- **ABOUT THIS TASK**:
Reproduce the entries that follow exactly, dropping each image.

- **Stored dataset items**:
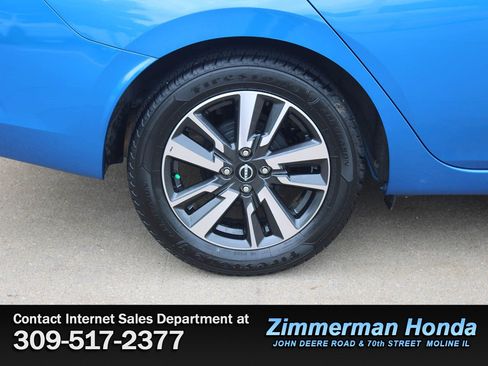 Used 2024 Nissan Versa SV FWD image 20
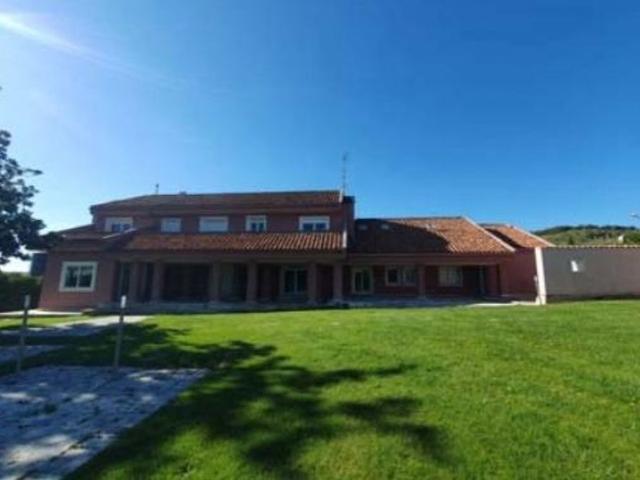 Vivienda de alto standing de 555 m2 en venta León, España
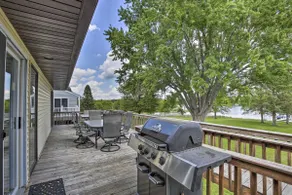 'Cumberland Retreat' w/ Lakefront Yard & Dock - Image 2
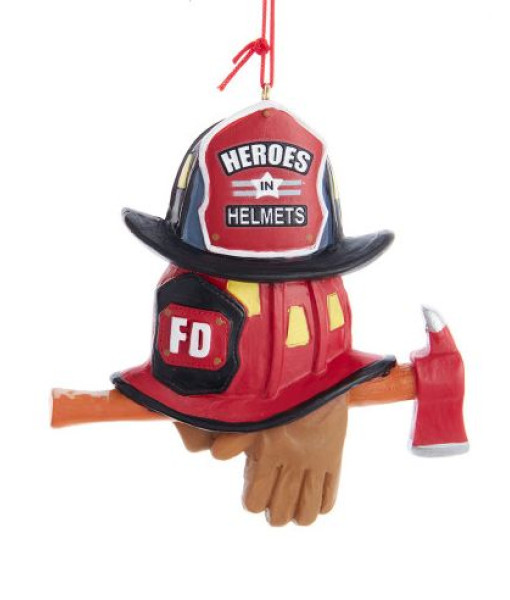 Ornement en résine, équipements de lutte contre l'incendie.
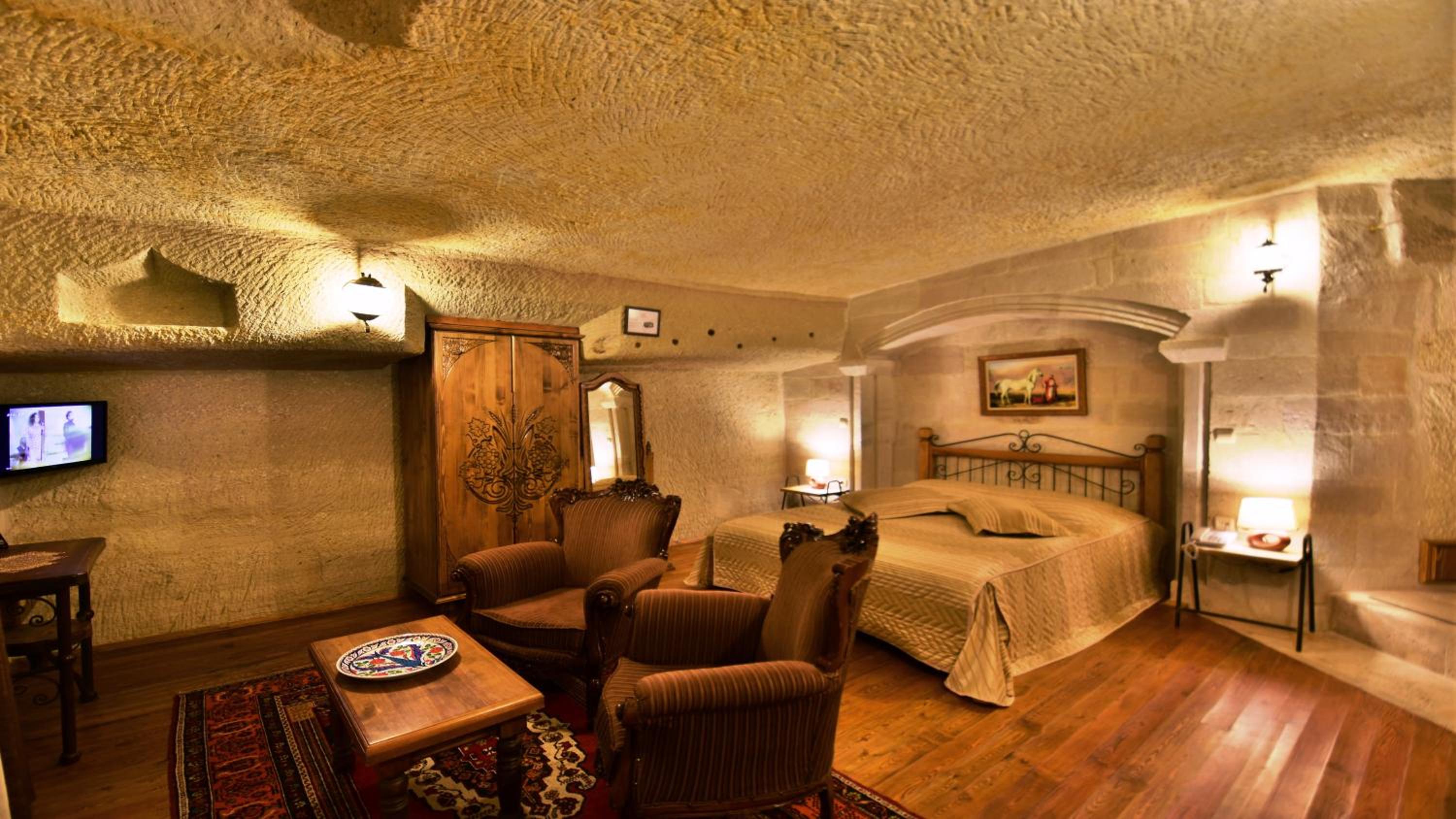 Harman Cave Hotel - Image 134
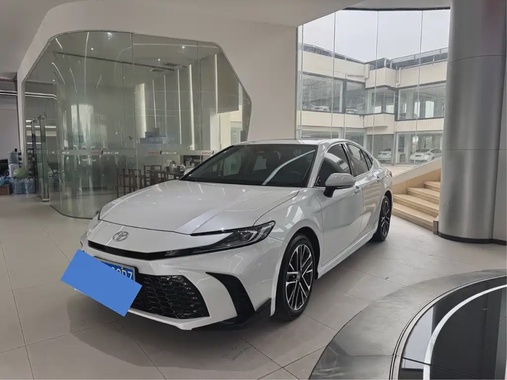Toyota Camry 2025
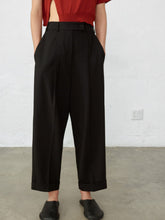 Load image into Gallery viewer, Tailoring Masculine Pants - Black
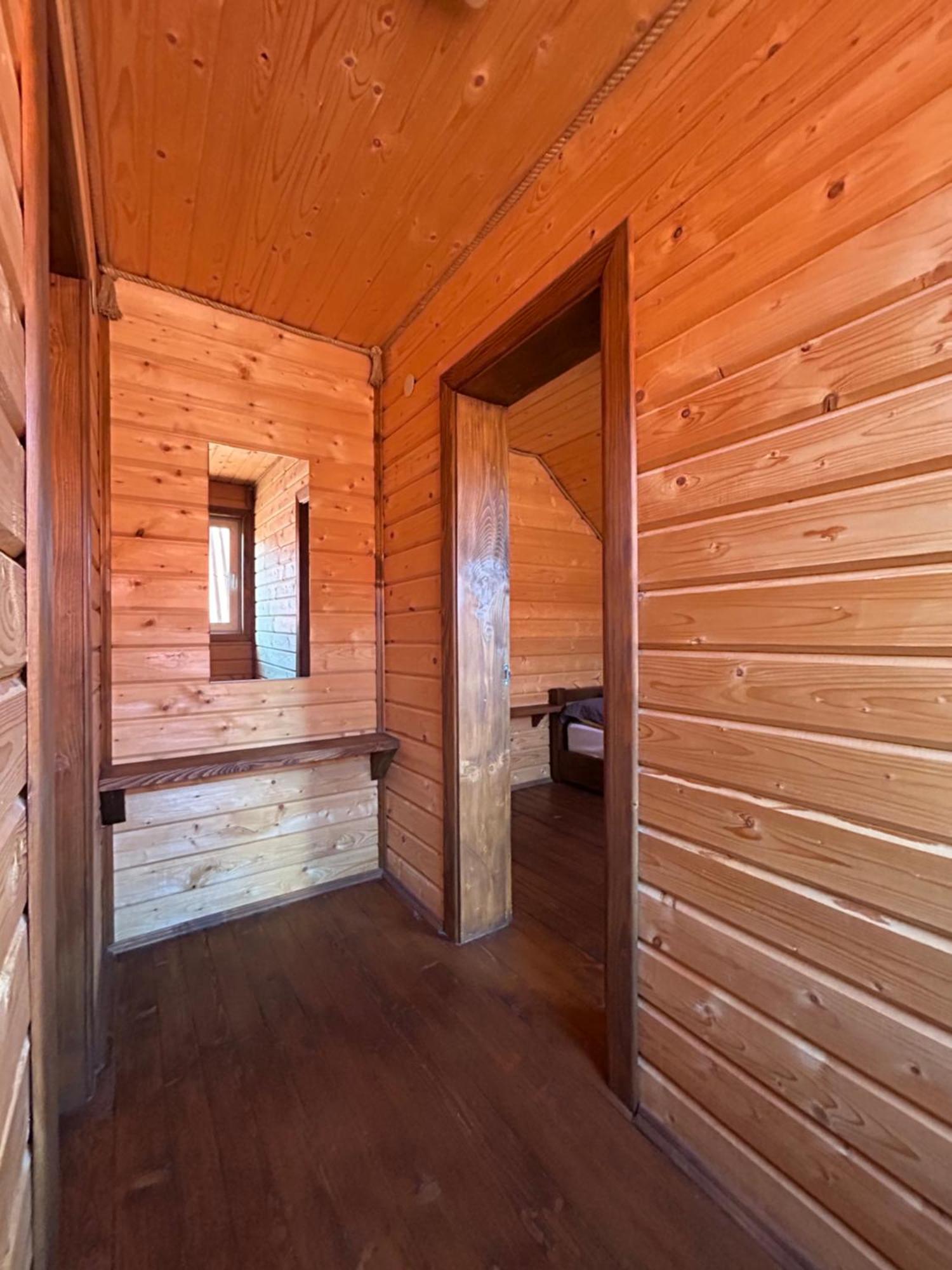 Guest House Kaspiy Bukovel Exterior foto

- **OUTPUT BELOW**:
 Used 2024 Nissan Versa SV FWD image 20
 Vivienda de alto standing de 555 m2 en venta León, España
 'Cumberland Retreat' w/ Lakefront Yard & Dock - Image 2
 Ornement en résine, équipements de lutte contre l'incendie.
 Harman Cave Hotel - Image 134
Toyota Camry 2025
 Load image into Gallery viewer, Tailoring Masculine Pants - Black
 Guest House Kaspiy Bukovel Exterior foto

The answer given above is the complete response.